[Opening Given data section]

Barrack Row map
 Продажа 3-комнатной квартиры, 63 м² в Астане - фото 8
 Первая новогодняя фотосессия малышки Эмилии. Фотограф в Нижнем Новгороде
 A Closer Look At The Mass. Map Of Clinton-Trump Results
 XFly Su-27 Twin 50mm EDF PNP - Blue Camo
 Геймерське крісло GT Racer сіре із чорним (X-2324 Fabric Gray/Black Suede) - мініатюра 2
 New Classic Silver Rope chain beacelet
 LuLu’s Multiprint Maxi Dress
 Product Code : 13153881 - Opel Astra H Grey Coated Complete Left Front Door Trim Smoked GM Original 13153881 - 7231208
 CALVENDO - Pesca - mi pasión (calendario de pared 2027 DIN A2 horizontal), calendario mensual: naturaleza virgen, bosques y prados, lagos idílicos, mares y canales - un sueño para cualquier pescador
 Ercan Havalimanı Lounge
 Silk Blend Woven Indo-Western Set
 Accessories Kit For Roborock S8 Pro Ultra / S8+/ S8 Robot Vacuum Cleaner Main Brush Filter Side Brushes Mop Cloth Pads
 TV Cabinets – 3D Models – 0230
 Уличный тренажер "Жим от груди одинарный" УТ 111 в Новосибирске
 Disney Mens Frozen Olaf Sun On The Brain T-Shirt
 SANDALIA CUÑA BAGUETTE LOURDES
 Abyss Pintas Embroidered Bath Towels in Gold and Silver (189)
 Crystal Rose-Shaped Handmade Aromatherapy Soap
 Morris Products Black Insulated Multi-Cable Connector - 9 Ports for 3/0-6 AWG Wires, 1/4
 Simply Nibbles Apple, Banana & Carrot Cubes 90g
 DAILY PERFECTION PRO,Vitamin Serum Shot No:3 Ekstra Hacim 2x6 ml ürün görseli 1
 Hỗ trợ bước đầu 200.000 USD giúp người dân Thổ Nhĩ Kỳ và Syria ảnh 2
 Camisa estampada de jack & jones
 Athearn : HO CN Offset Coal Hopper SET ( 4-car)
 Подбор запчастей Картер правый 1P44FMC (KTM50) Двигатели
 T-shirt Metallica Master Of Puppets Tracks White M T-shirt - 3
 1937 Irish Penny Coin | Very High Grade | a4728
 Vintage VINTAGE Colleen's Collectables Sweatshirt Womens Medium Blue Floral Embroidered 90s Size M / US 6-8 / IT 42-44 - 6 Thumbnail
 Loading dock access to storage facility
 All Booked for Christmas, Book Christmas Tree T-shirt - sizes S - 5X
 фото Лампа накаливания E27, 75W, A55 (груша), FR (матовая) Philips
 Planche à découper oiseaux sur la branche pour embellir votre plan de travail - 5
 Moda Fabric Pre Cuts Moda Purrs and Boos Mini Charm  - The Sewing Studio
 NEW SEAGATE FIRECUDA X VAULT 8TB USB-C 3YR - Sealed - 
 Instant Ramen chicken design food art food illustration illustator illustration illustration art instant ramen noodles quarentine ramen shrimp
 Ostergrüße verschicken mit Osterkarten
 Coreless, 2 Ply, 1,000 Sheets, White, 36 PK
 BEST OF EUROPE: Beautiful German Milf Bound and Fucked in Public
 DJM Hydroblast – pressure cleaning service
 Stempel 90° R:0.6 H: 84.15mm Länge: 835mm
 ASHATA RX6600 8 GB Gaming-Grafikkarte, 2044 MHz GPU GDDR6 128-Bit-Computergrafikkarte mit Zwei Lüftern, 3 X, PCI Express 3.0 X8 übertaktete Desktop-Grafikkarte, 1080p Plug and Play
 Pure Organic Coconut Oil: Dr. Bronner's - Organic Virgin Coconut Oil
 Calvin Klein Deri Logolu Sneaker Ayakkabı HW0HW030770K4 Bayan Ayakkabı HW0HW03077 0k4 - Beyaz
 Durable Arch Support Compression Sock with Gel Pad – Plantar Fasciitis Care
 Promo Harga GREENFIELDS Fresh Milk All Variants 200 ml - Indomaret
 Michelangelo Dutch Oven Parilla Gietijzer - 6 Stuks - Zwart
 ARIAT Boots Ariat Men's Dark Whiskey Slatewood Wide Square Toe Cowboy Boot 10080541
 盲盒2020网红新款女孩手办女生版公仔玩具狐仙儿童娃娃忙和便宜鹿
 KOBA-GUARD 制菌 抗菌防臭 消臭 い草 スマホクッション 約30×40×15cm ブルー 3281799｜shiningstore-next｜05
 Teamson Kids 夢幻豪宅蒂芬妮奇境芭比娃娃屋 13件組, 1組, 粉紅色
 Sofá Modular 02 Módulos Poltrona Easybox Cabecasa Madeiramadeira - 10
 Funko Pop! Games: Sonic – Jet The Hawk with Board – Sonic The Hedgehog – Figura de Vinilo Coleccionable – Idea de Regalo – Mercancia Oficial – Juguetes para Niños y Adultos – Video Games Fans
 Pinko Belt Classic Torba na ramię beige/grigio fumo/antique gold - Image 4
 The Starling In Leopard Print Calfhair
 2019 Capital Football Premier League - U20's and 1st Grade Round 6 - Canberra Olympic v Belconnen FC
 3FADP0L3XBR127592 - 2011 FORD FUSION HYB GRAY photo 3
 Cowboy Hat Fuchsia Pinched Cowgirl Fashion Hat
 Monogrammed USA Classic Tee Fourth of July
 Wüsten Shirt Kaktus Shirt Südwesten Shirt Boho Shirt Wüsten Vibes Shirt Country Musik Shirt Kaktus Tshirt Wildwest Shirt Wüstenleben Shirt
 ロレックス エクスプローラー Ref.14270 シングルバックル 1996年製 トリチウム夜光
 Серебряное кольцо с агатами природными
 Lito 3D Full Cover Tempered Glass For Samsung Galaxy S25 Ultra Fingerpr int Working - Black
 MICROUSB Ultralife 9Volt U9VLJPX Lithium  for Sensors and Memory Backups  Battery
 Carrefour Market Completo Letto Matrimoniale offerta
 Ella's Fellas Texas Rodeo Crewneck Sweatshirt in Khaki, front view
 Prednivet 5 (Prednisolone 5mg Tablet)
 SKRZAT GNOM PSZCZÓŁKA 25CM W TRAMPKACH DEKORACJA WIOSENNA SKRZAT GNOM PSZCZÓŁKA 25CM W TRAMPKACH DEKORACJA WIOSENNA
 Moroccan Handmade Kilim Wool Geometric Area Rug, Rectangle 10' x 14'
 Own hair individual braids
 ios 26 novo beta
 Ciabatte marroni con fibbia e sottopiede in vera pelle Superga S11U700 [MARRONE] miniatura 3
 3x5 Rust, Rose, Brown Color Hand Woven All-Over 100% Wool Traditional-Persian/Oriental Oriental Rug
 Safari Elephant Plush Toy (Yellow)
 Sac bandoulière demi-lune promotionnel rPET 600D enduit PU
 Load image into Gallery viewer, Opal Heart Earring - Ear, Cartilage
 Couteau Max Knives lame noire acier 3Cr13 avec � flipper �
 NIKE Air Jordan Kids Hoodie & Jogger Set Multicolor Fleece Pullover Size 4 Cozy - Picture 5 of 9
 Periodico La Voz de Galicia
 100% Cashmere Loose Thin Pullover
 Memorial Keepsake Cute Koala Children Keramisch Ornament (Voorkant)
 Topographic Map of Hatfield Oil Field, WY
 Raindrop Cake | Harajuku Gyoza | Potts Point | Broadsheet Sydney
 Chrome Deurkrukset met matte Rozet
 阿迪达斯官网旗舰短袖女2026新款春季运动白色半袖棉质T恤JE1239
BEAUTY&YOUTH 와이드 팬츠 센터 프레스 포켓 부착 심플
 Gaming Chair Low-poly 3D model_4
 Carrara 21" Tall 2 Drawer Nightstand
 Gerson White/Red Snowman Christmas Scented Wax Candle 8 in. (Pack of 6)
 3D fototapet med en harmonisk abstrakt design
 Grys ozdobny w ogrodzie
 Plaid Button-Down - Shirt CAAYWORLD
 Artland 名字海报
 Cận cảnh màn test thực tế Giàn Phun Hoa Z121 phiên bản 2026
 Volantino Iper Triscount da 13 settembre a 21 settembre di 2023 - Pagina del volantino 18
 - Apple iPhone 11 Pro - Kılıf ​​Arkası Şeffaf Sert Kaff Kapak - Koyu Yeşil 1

[Closing Given data section]

Required work: Copy exactly the lines from the top of the entries through the line with "Crystal Rose-Shaped Handmade" in it, please, keeping both ends and adding nothing.

Solution to this problem:
Barrack Row map
 Продажа 3-комнатной квартиры, 63 м² в Астане - фото 8
 Первая новогодняя фотосессия малышки Эмилии. Фотограф в Нижнем Новгороде
 A Closer Look At The Mass. Map Of Clinton-Trump Results
 XFly Su-27 Twin 50mm EDF PNP - Blue Camo
 Геймерське крісло GT Racer сіре із чорним (X-2324 Fabric Gray/Black Suede) - мініатюра 2
 New Classic Silver Rope chain beacelet
 LuLu’s Multiprint Maxi Dress
 Product Code : 13153881 - Opel Astra H Grey Coated Complete Left Front Door Trim Smoked GM Original 13153881 - 7231208
 CALVENDO - Pesca - mi pasión (calendario de pared 2027 DIN A2 horizontal), calendario mensual: naturaleza virgen, bosques y prados, lagos idílicos, mares y canales - un sueño para cualquier pescador
 Ercan Havalimanı Lounge
 Silk Blend Woven Indo-Western Set
 Accessories Kit For Roborock S8 Pro Ultra / S8+/ S8 Robot Vacuum Cleaner Main Brush Filter Side Brushes Mop Cloth Pads
 TV Cabinets – 3D Models – 0230
 Уличный тренажер "Жим от груди одинарный" УТ 111 в Новосибирске
 Disney Mens Frozen Olaf Sun On The Brain T-Shirt
 SANDALIA CUÑA BAGUETTE LOURDES
 Abyss Pintas Embroidered Bath Towels in Gold and Silver (189)
 Crystal Rose-Shaped Handmade Aromatherapy Soap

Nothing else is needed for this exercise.